Description of the task: Reproduce the entries shown below only from the line with "Sarita Khanchandani, the" down to the line with "Tablet ve kalem", keeping both end lines and copying each one exactly.

=== Provided entries ===

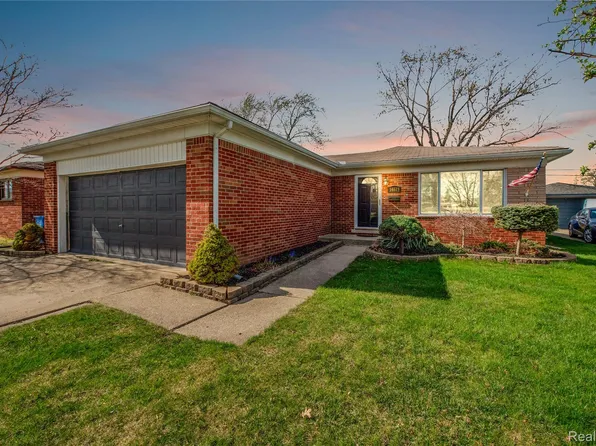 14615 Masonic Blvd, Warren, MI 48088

===
=== Provided entries ===

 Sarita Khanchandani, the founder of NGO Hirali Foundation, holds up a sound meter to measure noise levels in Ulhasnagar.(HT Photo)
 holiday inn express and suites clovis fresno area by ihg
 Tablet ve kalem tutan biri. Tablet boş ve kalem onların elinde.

===

Reply:
 Sarita Khanchandani, the founder of NGO Hirali Foundation, holds up a sound meter to measure noise levels in Ulhasnagar.(HT Photo)
 holiday inn express and suites clovis fresno area by ihg
 Tablet ve kalem tutan biri. Tablet boş ve kalem onların elinde.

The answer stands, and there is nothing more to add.